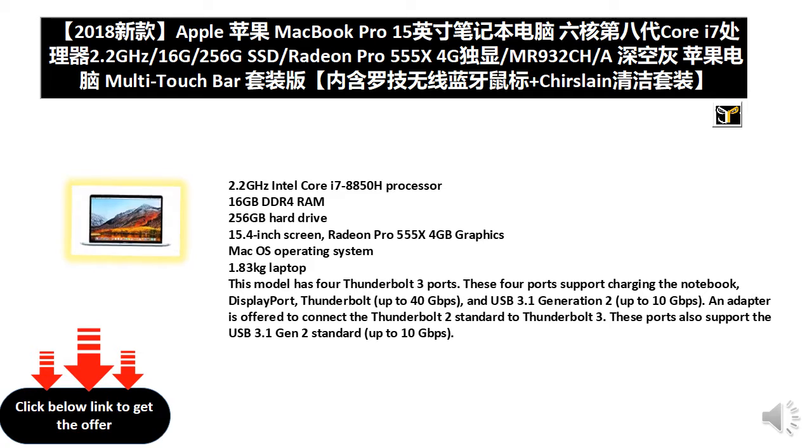These ports support DisplayPort, Thunderbolt up to 40 Gbps, and USB 3.1 Generation 2 up to 10 Gbps. An adapter is offered to connect the Thunderbolt 2 standard to Thunderbolt 3. These ports also support the USB 3.1 Gen 2 standard up to 10 Gbps.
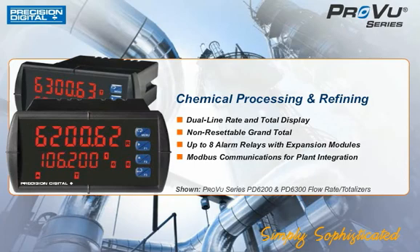The ProView is simply sophisticated, providing you the sophisticated display, monitoring, and control features you need in a simple, rugged, and familiar package.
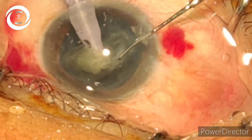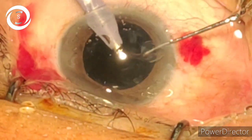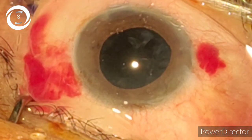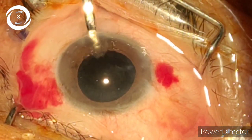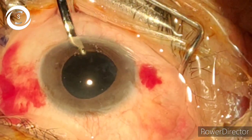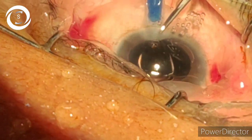Critics say that as you do phaco a little bit anteriorly, there is an increased chance of damage to the cornea and corneal decompensation can occur. Well, I have been doing phaco with this technique for the last four years and I have not encountered a single case of bullous keratopathy, because when you divide the nucleus into many pieces, within a blink of a second in phaco mode you emulsify all the pieces. You can also use a good viscoelastic to protect the cornea. The cornea is more resilient compared to the risk of PCR.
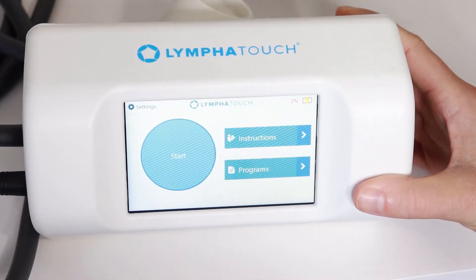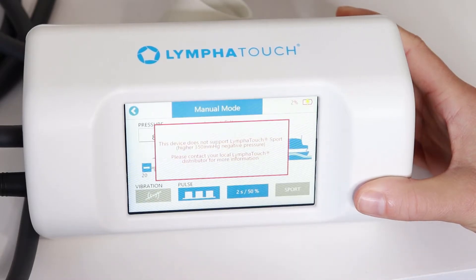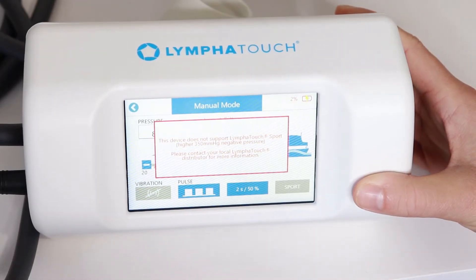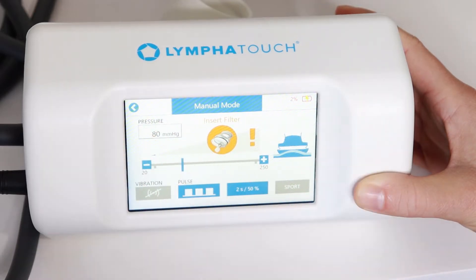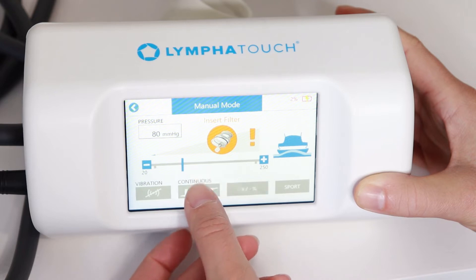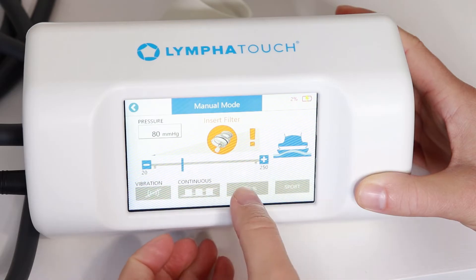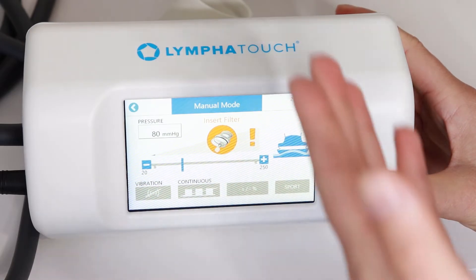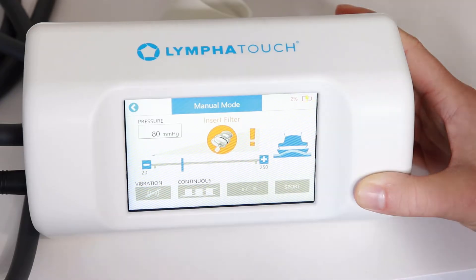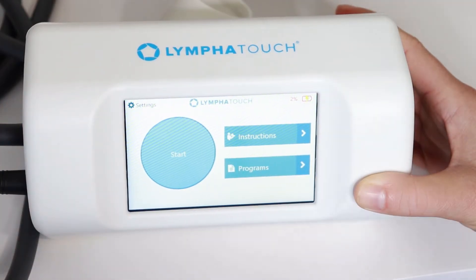Once past contraindications, we come to the settings page where we can just start if we know our protocol. We can pick our own amount of pressure, choose pulse — on and off — versus continuous suction, and there's a vibration piece. A therapist, physio, or even LymphoTouch itself might have prescribed someone a certain protocol to follow for a certain area.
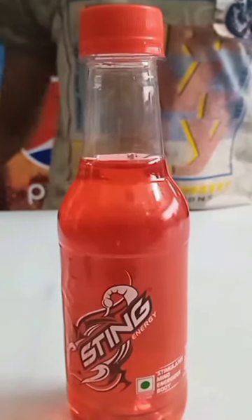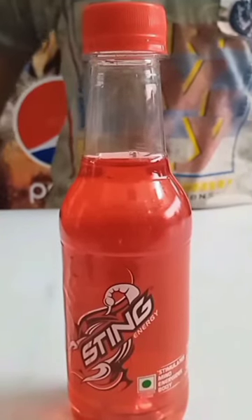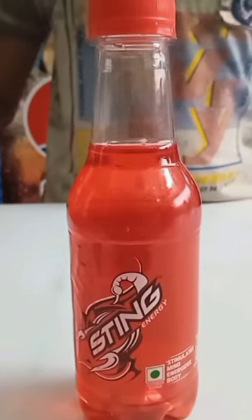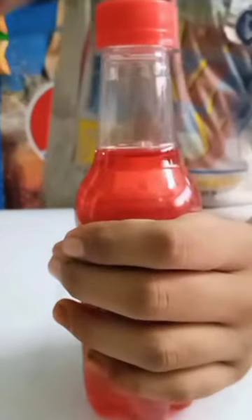Hello everyone, welcome to my channel rgvho. Today I will show you how to open a bottle cap. First of all, you have to put your left hand on the bottle, then put your right hand on the bottle cap and rotate it to your right side. And in this way you open it.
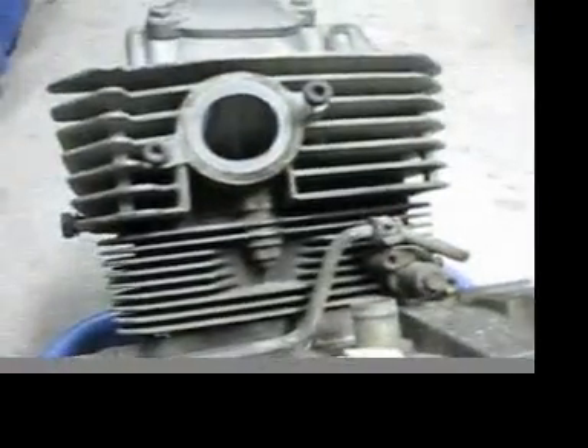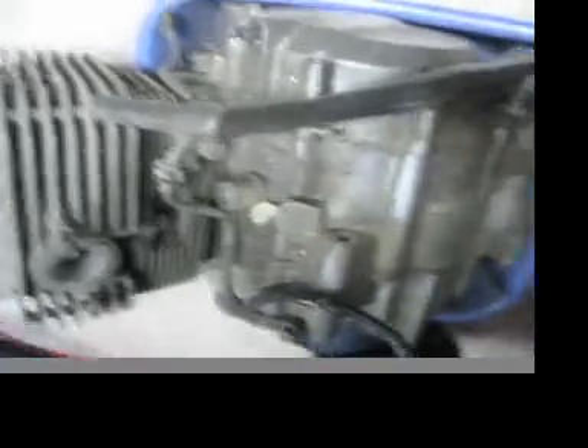Here's the extra engine he gave me. It's actually got four valves — I didn't think it would. Here's the kickstarter. This engine works. The guy told me the clutch plates are a bit used. But this is the extra engine.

§ **TASK DESCRIPTION**: Output the records above unchanged, minus their pictures.

§ **TASK RESULT**:
These ports support DisplayPort, Thunderbolt up to 40 Gbps, and USB 3.1 Generation 2 up to 10 Gbps. An adapter is offered to connect the Thunderbolt 2 standard to Thunderbolt 3. These ports also support the USB 3.1 Gen 2 standard up to 10 Gbps.
The ProView is simply sophisticated, providing you the sophisticated display, monitoring, and control features you need in a simple, rugged, and familiar package.
Critics say that as you do phaco a little bit anteriorly, there is an increased chance of damage to the cornea and corneal decompensation can occur. Well, I have been doing phaco with this technique for the last four years and I have not encountered a single case of bullous keratopathy, because when you divide the nucleus into many pieces, within a blink of a second in phaco mode you emulsify all the pieces. You can also use a good viscoelastic to protect the cornea. The cornea is more resilient compared to the risk of PCR.
Once past contraindications, we come to the settings page where we can just start if we know our protocol. We can pick our own amount of pressure, choose pulse — on and off — versus continuous suction, and there's a vibration piece. A therapist, physio, or even LymphoTouch itself might have prescribed someone a certain protocol to follow for a certain area.
Hello everyone, welcome to my channel rgvho. Today I will show you how to open a bottle cap. First of all, you have to put your left hand on the bottle, then put your right hand on the bottle cap and rotate it to your right side. And in this way you open it.
Here's the extra engine he gave me. It's actually got four valves — I didn't think it would. Here's the kickstarter. This engine works. The guy told me the clutch plates are a bit used. But this is the extra engine.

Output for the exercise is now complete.